Copy exactly the lines of the material below that fall between the line with "грибы Psilocybine cubensis" and the line with "Terrain à vendre", both of those lines included; pictures stay out.

**Exercise data:**
:::
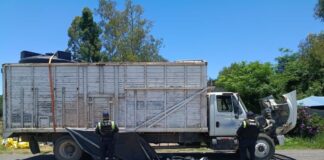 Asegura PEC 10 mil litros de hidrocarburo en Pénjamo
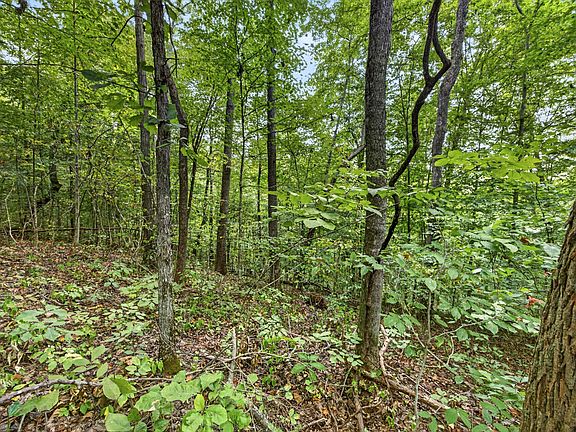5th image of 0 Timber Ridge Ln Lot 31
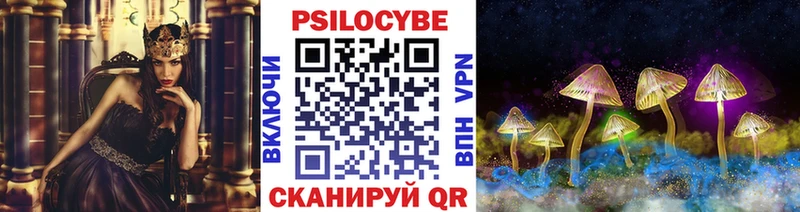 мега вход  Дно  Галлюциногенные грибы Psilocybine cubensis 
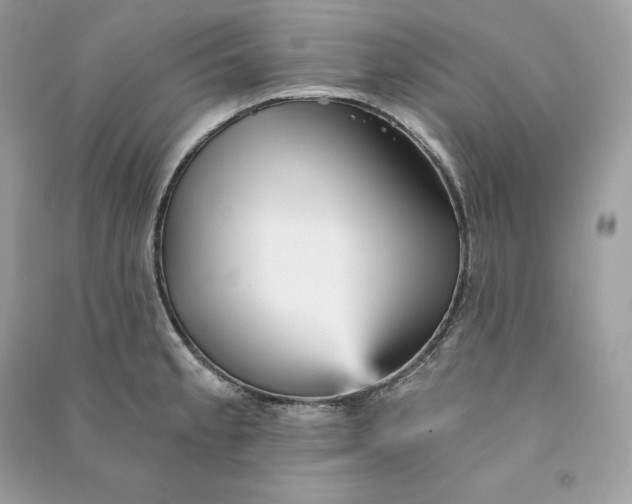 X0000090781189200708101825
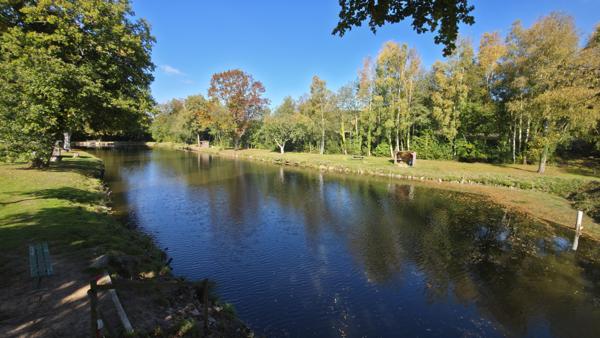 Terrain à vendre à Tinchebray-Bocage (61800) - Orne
:::
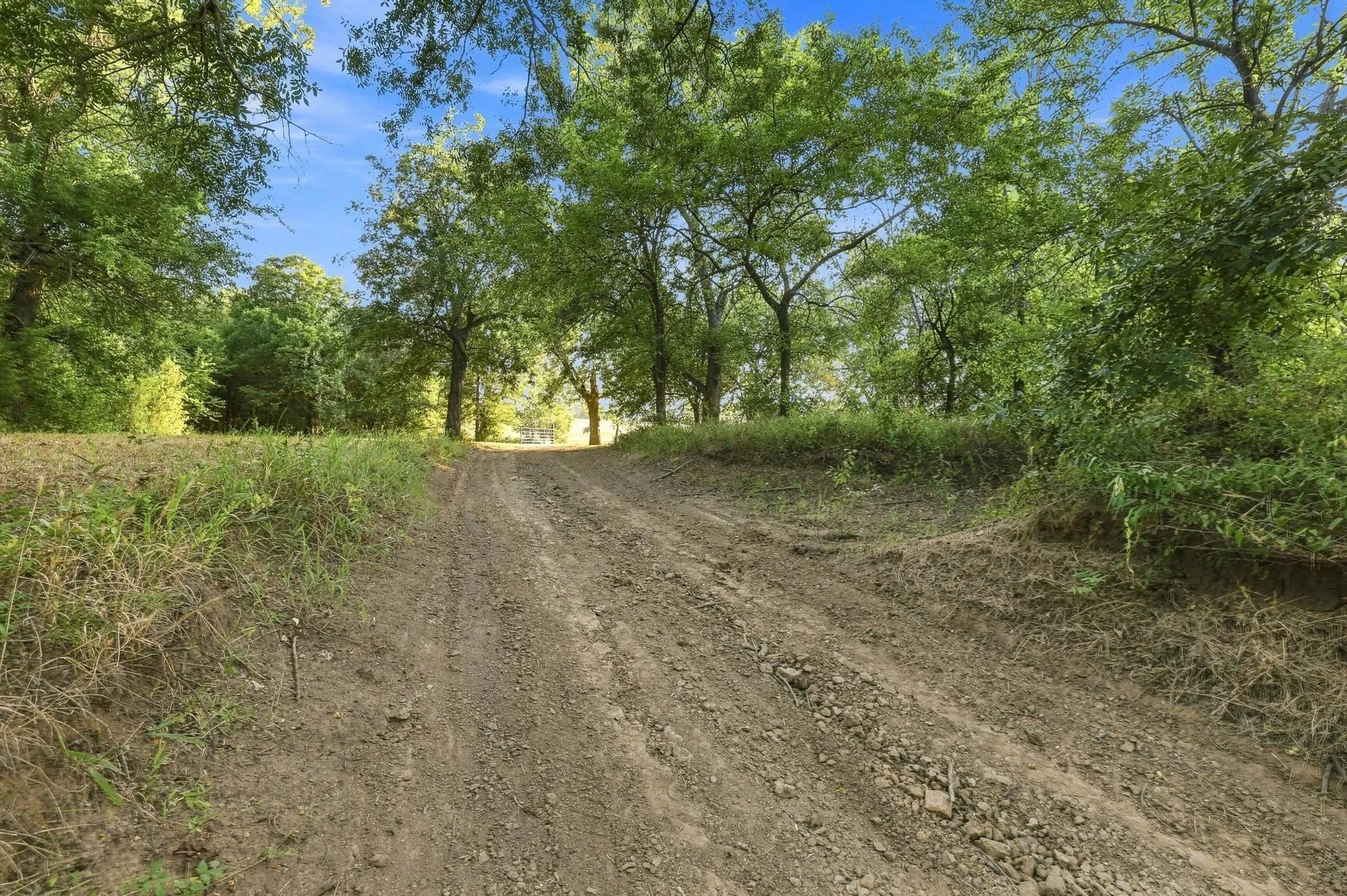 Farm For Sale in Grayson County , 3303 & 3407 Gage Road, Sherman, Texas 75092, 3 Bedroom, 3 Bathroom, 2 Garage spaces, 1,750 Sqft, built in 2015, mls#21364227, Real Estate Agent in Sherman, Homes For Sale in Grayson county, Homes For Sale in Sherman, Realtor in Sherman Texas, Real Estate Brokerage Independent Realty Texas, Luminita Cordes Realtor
:::
**Exercise output:**
 мега вход  Дно  Галлюциногенные грибы Psilocybine cubensis 
 X0000090781189200708101825
 Terrain à vendre à Tinchebray-Bocage (61800) - Orne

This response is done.